According to Naik, the point of the meeting was that “we would try to convey to them that if they did certain things, then, gradually, they could win the jackpot, get something in return from the international community.” It might, Naik said, “be possible to persuade the Taliban that once a broader-based government was in place and the oil pipeline under way, there would be billions of dollars in commission, and the Taliban would have their own resources.”
It was at the July meeting, according to Naik, that Tom Simons suggested that Afghanistan could face an open-ended military operation from bases in Uzbekistan and Tajikistan if it didn’t accede to U.S. demands. “Ambassador Simons stated that if the Taliban wouldn’t agree with the plan, and if Pakistan was unable to persuade them, the United States might use an overt action against Afghanistan ,” Naik says. The words used by Simons were “a military operation,” according to Naik. Another participant reportedly said the Taliban’s choice was clear: either accept a “carpet of gold” riches from the pipeline or “a carpet of bombs,” meaning a military strike.
Lee Coldren, a member of the U.S. delegation, also confirmed to the British newspaper the Guardian the American position at the Berlin meeting. “I think there was some discussion of the fact that the United States was so disgusted with the Taliban that they might be considering some military action.”
In statements to newspapers, Simons has offered ambiguous explanations of his statements at the July meeting. In September, he told the British Guardian: “I’ve known Naik and considered him a friend for years. He’s an honorable diplomat. I didn’t say anything like that and didn’t hear anyone else say anything like that. We were clear that feeling in Washington was strong, and that military action was one of the options down the road. But details, I don’t know where they came from.”
Yet in a November interview with Le Monde, Simons seemed to confirm that there had been some talk of U.S. military action. “It is true that the Taliban was asked to deliver bin Laden and form a [broader] government,” Simons told Le Monde. “We said in July that we were investigating the attack against the USS Cole in Yemen, and that if there were solid evidence of the implication of bin Laden, one had to expect a military answer. One can always inflate such a declaration to see a global threat against the Taliban. But the American declaration related only to the response to the USS-Cole.
“As for the ‘carpet of gold and the carpet of bombs,’ we actually discussed the need for a plan for rebuilding for Afghanistan, which would follow a political agreement,” he said, adding that “It’s possible that a mischievous American participant, after several drinks, may have thought it smart to evoke gold carpets and carpet bombs. Even Americans can’t resist the temptation to be mischievous.”
The last known meeting between U.S. and Taliban representatives took place in August, five weeks before the Sept. 11 attacks, when U.S. Assistant Secretary of State for Central Asian affairs Christina Rocca met with the Taliban’s ambassador to Pakistan Abdul Salam Zaeef.

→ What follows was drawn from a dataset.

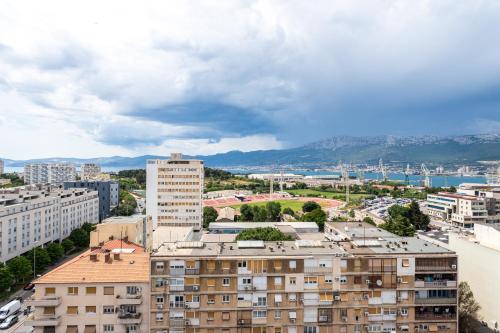 Comfortable apt with great city and sea view, Split (photo 9)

It would be unfair to suggest that the U.S. threat in July led to the al-Qaida strike. But while Simons doesn’t admit that he personally threatened the Taliban with reprisal, he confirms that only a few weeks before Sept. 11, American diplomats warned of military action against Afghanistan if its leaders did not meet U.S. economic and political demands. It is worth asking whether, had this threat been widely known, U.S. intelligence agencies might have analyzed the information they were receiving about bin Laden’s plots against the U.S. differently.
Now the newly discovered Atef memo makes clear that in 1998, at least, al-Qaida was well informed about negotiations between the Taliban and the U.S. on the oil pipeline and other American concerns. The memo also shows that those negotiations were the Taliban’s gambit to extend its power; Mullah Omar’s government never had any intention of allowing U.S. firms to construct an oil pipeline, or letting the U.S. dictate the members of its ruling body. Given the inside knowledge al-Qaida had about U.S.-Taliban negotiations, it’s reasonable to suspect bin Laden’s group also received and understood the U.S. threat of military action delivered in late July as a threat of war.

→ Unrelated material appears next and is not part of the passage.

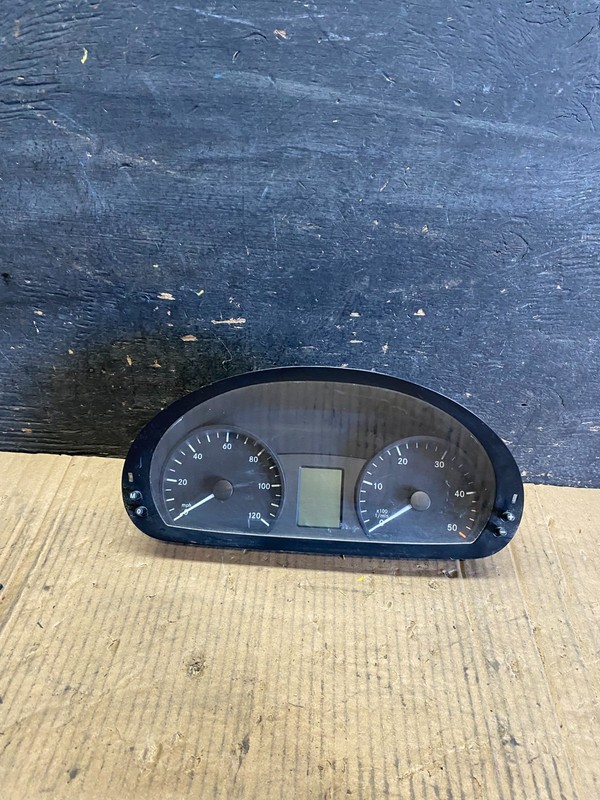 2003 to 2006 Sprinter 2500 3500 Instrument Speedometer Gauge Cluster S8722 DG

In the end, though, the U.S. got its way. Interim Afghan leader Hamid Karzai decided on May 30 to revive the pipeline project with Pakistan and Turkmenistan , signing an agreement under which the three governments agree to implement a pipeline from Turkmenistan to Pakistan through Afghanistan . Would that U.S. intelligence agencies’ investigations into al-Qaida activities in the months before Sept. 11 had such a productive ending.
“Afghanistan Oil Pipeline”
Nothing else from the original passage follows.